A formação jurídica ainda é a mais anacrônica dentre as desenvolvidas pela Universidade brasileira. Salvo raríssimas exceções, cada vez mais raras e excepcionais, o padrão de estudo das Ciências Jurídicas continua o mesmo dos tempos coloniais, à moda coimbrã.

 

Quando Pedro I transplantou o modelo da Universidade de Coimbra, com o intuito de formar a burocracia para o Império nascente, não deve ter atentado que o paradigma era o mesmo de Bolonha, do ano 800. Tinha mais de mil anos de experiência em 1827.
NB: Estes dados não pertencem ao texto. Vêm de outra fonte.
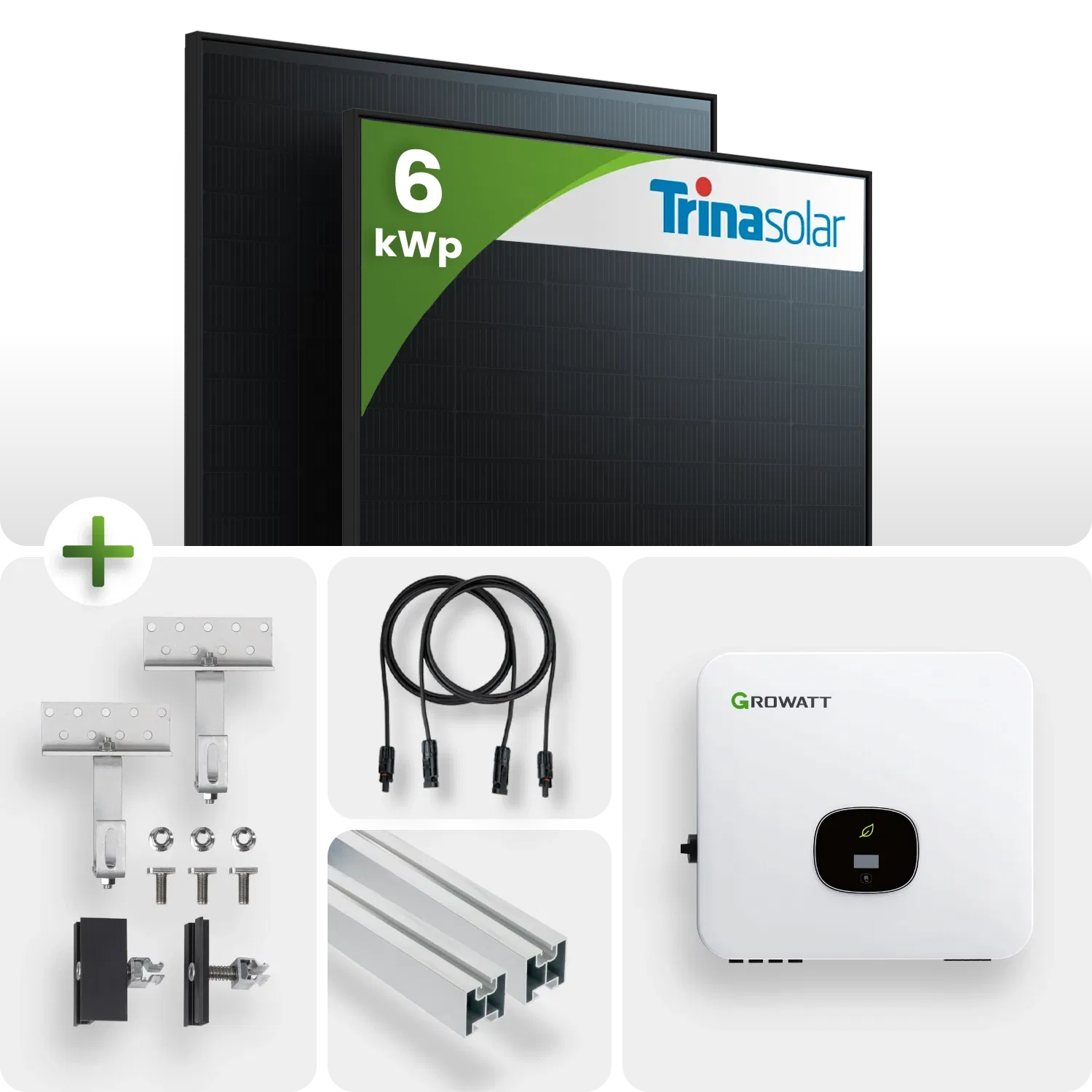 PV Komplettpaket Growatt 6KW Schrägdachmontage Trina 445 Fullblack Module PV Komplettpaket Growatt 6KW Schrägdachmontage Trina 445 Fullblack Module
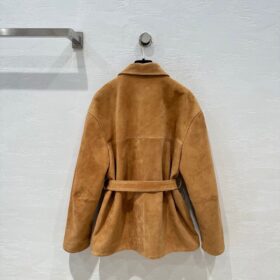 Wildlederjacke mit Gürtel in Kamelbraun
De lá para 2013, o que aconteceu no Brasil? Ressalvado o milagre das multiplicações das Faculdades de Direito, o ensino continua compartimentado. Disciplinas autônomas, entregues a regentes que em regra só conhecem aquele assunto, considerado o mais importante dentre todos os outros. Aulas prelecionais, avaliações baseadas na decoração de textos, pouca participação do alunado em pesquisa e extensão. Muito embora a Constituição de 1988 faça com que a Universidade se baseie num tripé: ensino, pesquisa e extensão.
O resultado é a preparação de bons “tocadores de processo”. A tendência adversarial empurra todos os problemas para o Judiciário. Não se investe na capacidade de argumentação, nas técnicas de conciliação amparadas pela estratégia da persuasão. Não é apenas para aliviar a Justiça dessa elevadíssima carga de processos, exagerada e patológica para um Brasil em que, a se levar a sério as estatísticas, seria o País do litígio. Noventa milhões de ações em curso, ou pelo menos 180 milhões de litigantes. Como se todas as pessoas estivessem a brigar umas com as outras.
Diante desse quadro, seria desejável uma consciência dos profissionais do direito que privilegiasse a concisão, a objetividade e abominasse a prolixidade. Mas não é o que acontece. Em todos os espaços, a verborrágica manifestação oral é a tônica. Seja nas sustentações orais, seja na leitura das decisões e dos votos. Todos se encantam com o som mavioso da própria voz e esquecem que há milhões de jurisdicionados à espera de soluções, não de retórica. Será que a petição eletrônica e a digitalização de todos os futuros processos coibirá essa praxe?